Cost of ERP implementation depends on many constant and variable factors such as hardware, number of software license, implementation time, needed additional resources, add-on applications, training, consultancy, integration to other applications, testing, customization, implementation and future costs. The expense on hardware and license are direct as well as fixed costs but the expense on customization, training, business process reengineering, maintenance and implementation are indirect costs and it can vary from case to case.
Initial cost of license and maintenance: The direct cost of ERP implementation includes the expense on hardware, operating systems, database license, number of modules, software license, third party software license, add- on software and integrations to third party. As the number of users increase - the TCO goes up. The expense depends on the technology and software selected by the vendor. For example: ERP designed on two tier architecture can cost anywhere between $3000 to $10,000 per user and the TCO can be around $600,000 or more.
Hardware: The expenditure on workstations, servers, networking, terminal series or Citirix are generally fixed, and it depends on the technology and number of users.
Implementation: It can be as low as 50% of the TCO if the software is based on one-tier architecture and it can be reduced if the buyer has done prior preparation. It can be reduced if the business processes are not complex and the project team is aware of it before the start of the process.
Indirect costs includes the expense on consultants, maintenance, the time spend by employees on the process, the transportation and communication expenses. It has been found that sometimes these costs are underestimated although it can account for more than 20% of the total expense.
Customization: Modifications and customization in original product can be excessively expensive and sometimes excessive customizations can damage the functioning of a product. Since a number of software companies are providing different type of products - one can select the software which best suits the requirements instead of going for customization.

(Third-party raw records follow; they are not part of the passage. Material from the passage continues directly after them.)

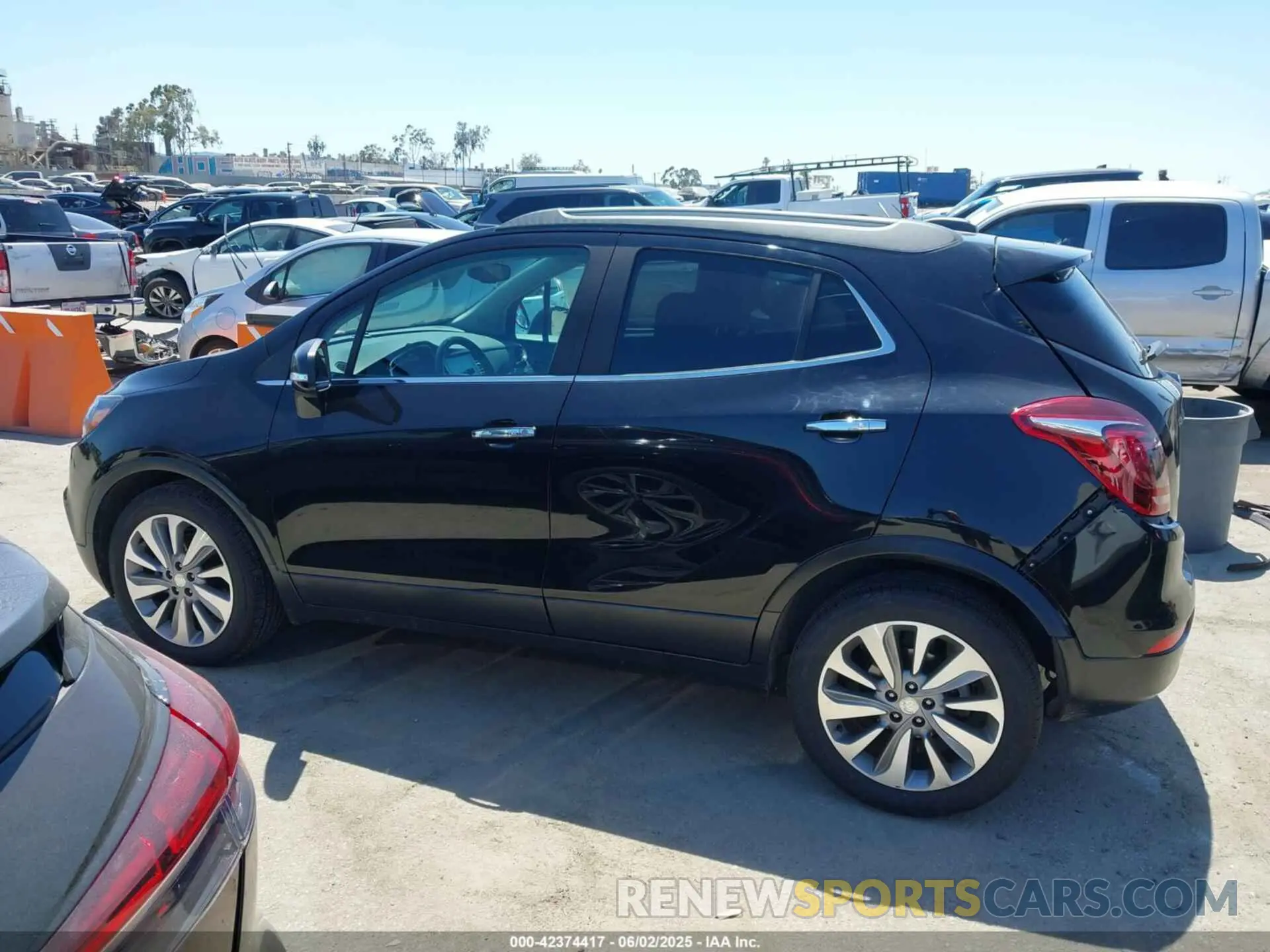 14 Photograph of a damaged car KL4CJASB4KB927163 BUICK ENCORE 2019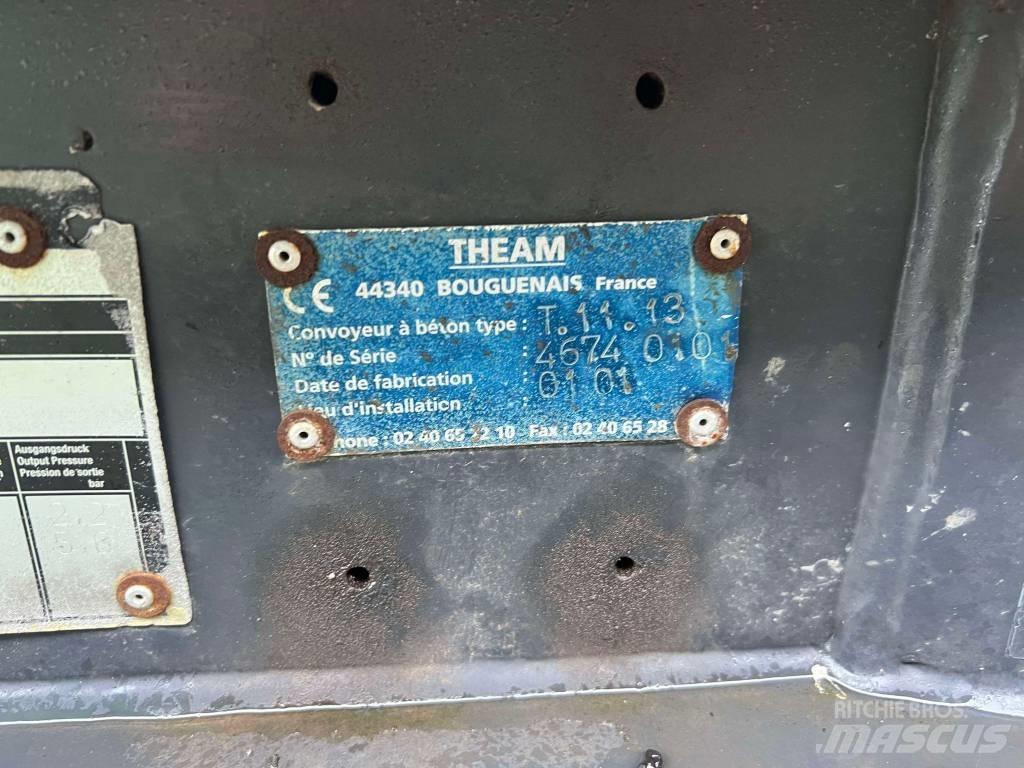 Kel-Berg beton Diger yari çekiciler
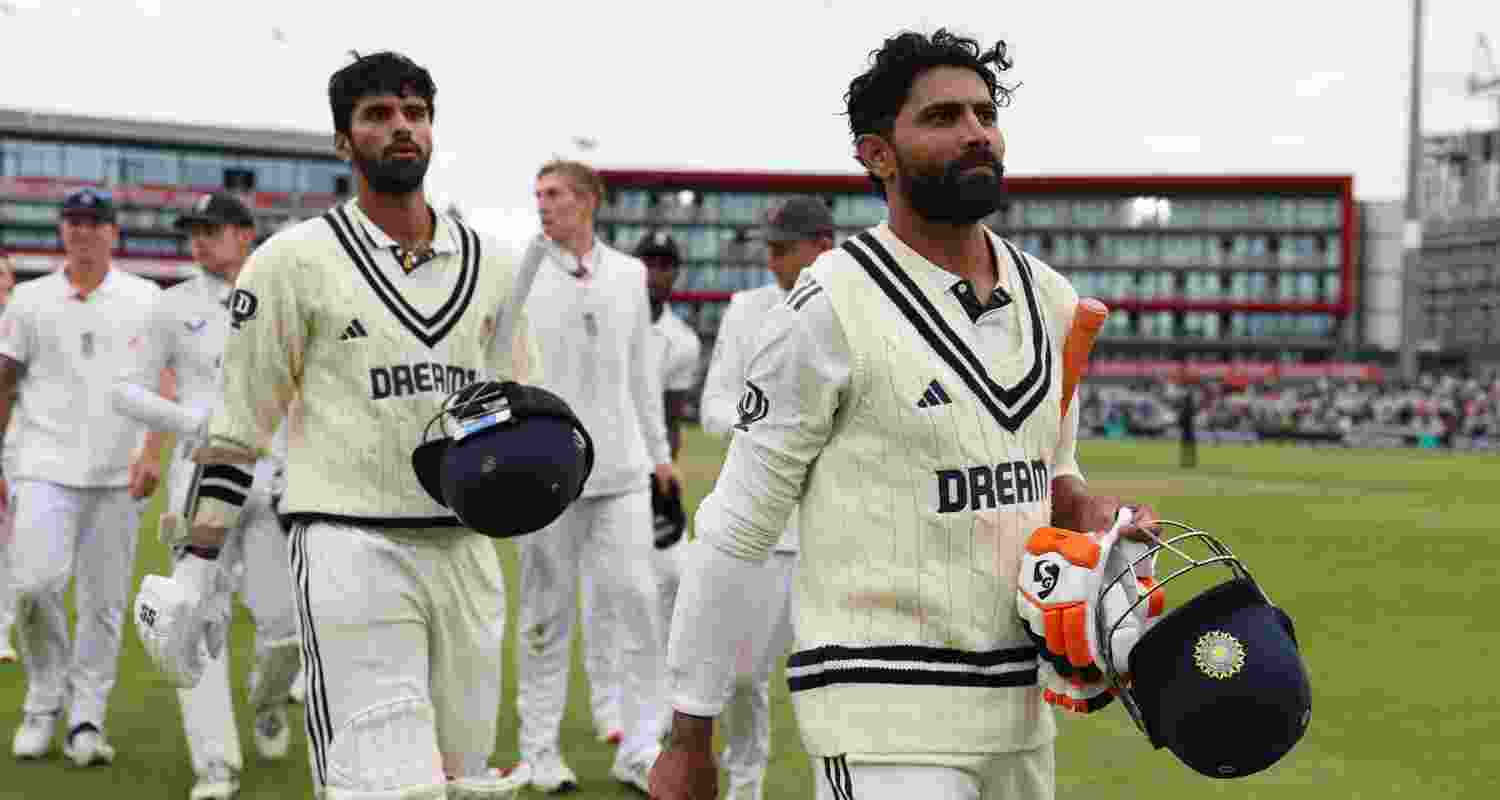 India Hold Nerve as Jadeja, Washington Force Dramatic Draw.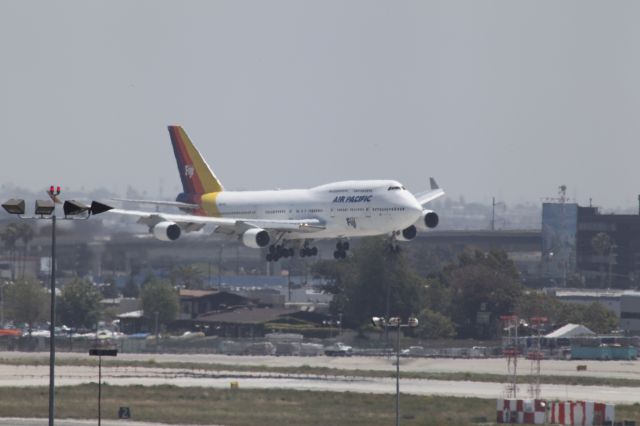 Boeing 747-400 — - TAKEN IN 2012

Training: It includes expense on installation and data migration. Consulting can be three to four times expensive than the license. Remote consulting can go around 20% of TCO. The process includes training the employees and end users. Since the employees are not involved in their routine work - the company may not get the desired work efficiency during the implementation phase and the overall performance in the year of implementation may not be as expected.
To prevent excess expense on training the buyer can define a team which will be involved on the implementation process and the limited number of users can be given training. Software companies negotiate on the point that they are not aware of the technical capabilities of the users and the number of people who will be trained is not fixed.
Post implementation expenses: Generally when a buyer is negotiating a deal - it is preferred to get a five year deal to prevent expense on annual maintenance. Annual maintenance can be 20% of the total expense on software.